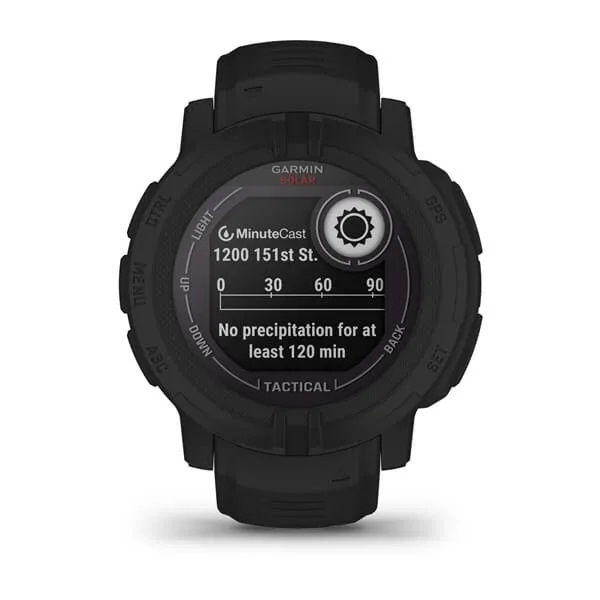 Garmin Instinct 2 Solar Tactical Edition Coyote Tan GAR010 02627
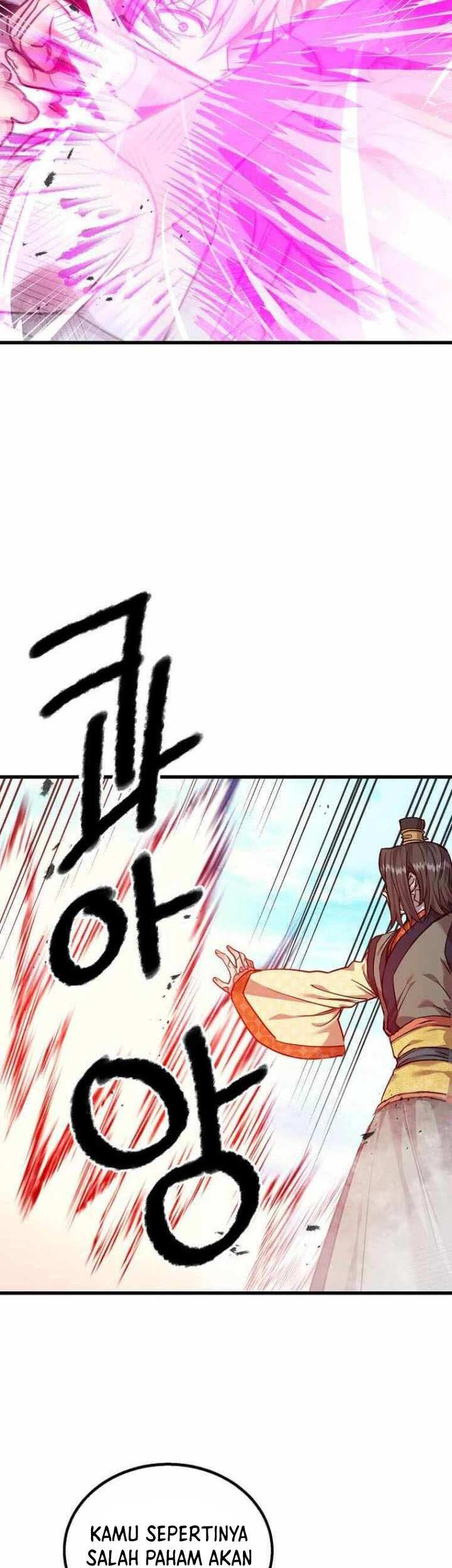 Melee Mad Soldier Chapter 35 - halaman 30
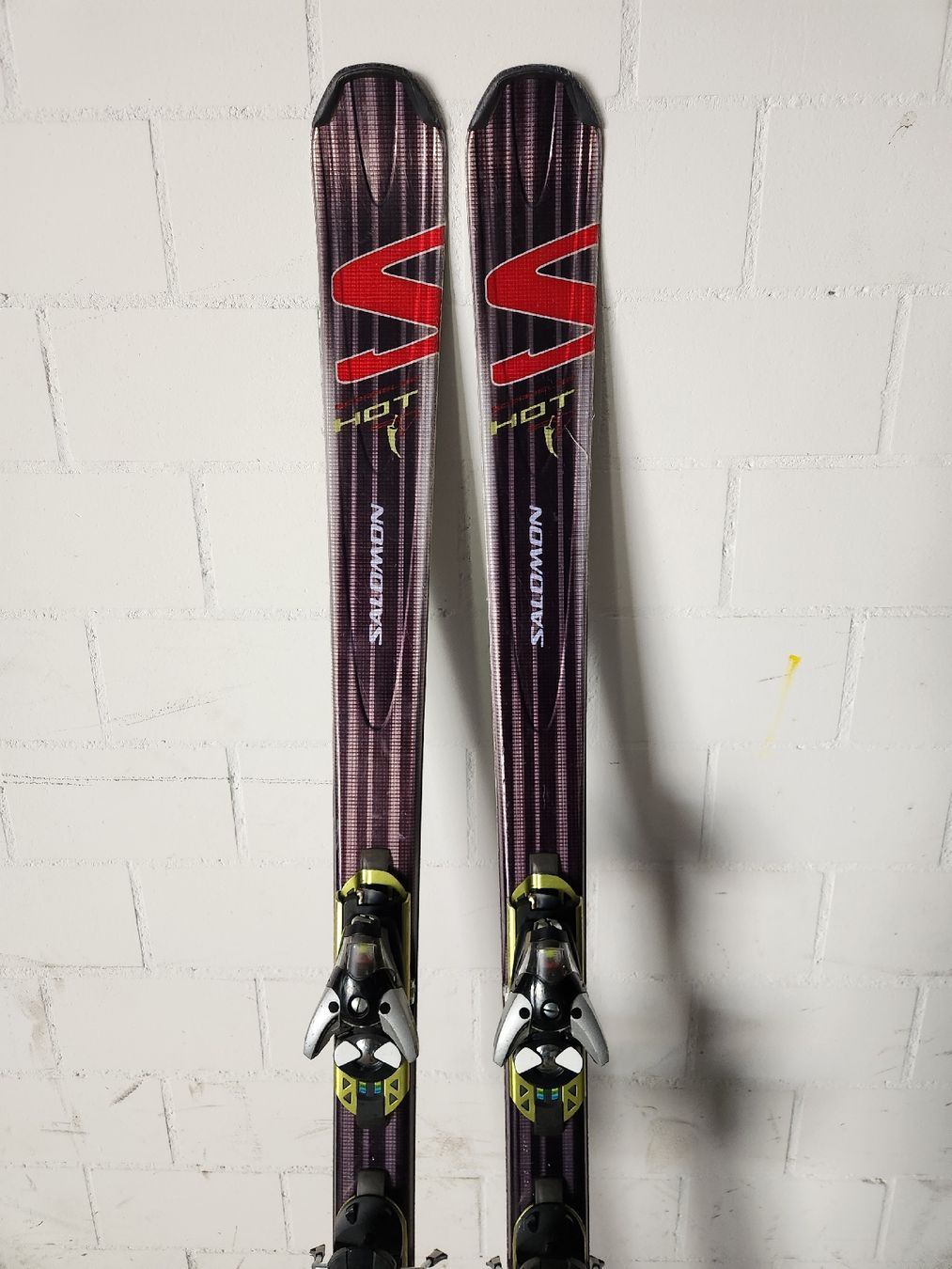 Salomon Sci: Alpin Ski – Usato da Wolfenschiessen venduto da ste_7xjw 1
=-=-=
== EXERCISE ==
Please repeat, exactly as written, only the lines from the line with "Melee Mad Soldier Chapter 35 - halaman 30" to the end of the data, leaving out every picture.

== RESPONSE TO THIS EXERCISE ==
 Melee Mad Soldier Chapter 35 - halaman 30
 Salomon Sci: Alpin Ski – Usato da Wolfenschiessen venduto da ste_7xjw 1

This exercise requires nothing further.